Friday 22 October 2010

Starting School


Last week was my first week of proper work.  I’m going to be working 12 hours a week across 2 schools- La Canopee, a college, and Les Barbadines, a primary school. There’s six hours in each – in the college, that’s concentrated in one day starting at 7.30 am, and in the primary, across two mornings.

On Monday mornings I start at 7.30 with a 6eme class (yr 7s in the UK – kids in their first year of secondary school) .I haven’t met this class yet because of various unusual things that have happened. Other than that I have already met most of my classes, I have four 3eme classes (kids in their last year of college), two 6eme classes and one 5eme class. There are several teachers that I’m with for a couple of classes. 

The ‘introduction’ in all classes was to have students ask me questions in English about myself. “what is your name?” “where do you live?” “do you have a boyfriend?” “do you have any pets?”. They also asked some weirder questions that were topical to what they had been studying.. “do you believe in aliens?”. Someone asked ‘do you like French Guiana’ – when I replied that I LOVE French Guiana everyone cheered.

I’ve had a second lesson with a few of the groups now. In some I worked with the teacher in the classroom and lead an activity while the teacher was keeping order a bit- in other groups I took half the class for half the lesson to go and do an activity. I did the same activity with each class but with different levels of difficulty and follow-up activities.

In the primary school, it was pretty different- I turned up having been told the students had never learnt any English, with the intention of teaching them to say ‘hello’, ‘goodbye’ and ‘my name is’. It turned out that in a couple of the classes certain students already spoke quite a lot of English (and some spoke none) so I had to sort of improvise. Having now done another two mornings there (I would usually see the same students twice in one week), it’s getting a bit easier.

This week, I took them outside to do a ‘class instructions’ kind of activity and then back inside to do vocabulary learning. 

You have to constantly be really loud and make a lot of movements to keep their attention, and any time you ask the kids to do anything half of them will have finished whilst your still trying to explain to others how to it. It’s tiring, and really hard trying to give the impression that you’re in charge- but when they all start saying “aaaah j’ai compris!!” to each other, it’s pretty cool to see them getting excited about having understood another language. 

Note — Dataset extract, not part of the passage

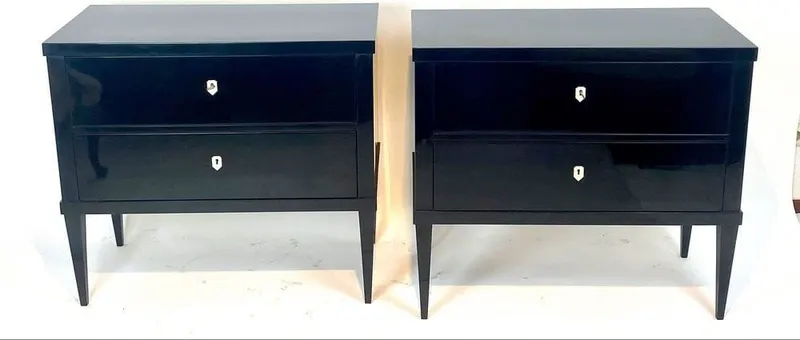Paar ebonisierte Biedermeier-Kommoden, Schellackpolitur, deutsch, 19. Jh., Ansicht 3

All of my lessons so far I’ve taught only in English. With primary school sometimes, when you have a classroom of really confused faces, and various students offering their interpretation of what they’re supposed to be doing, it’s good to be able to listen out for someone with the correct interpretation and get them to repeat it for everyone – but most of the time you can explain just by gestures, demonstration, talking slowly.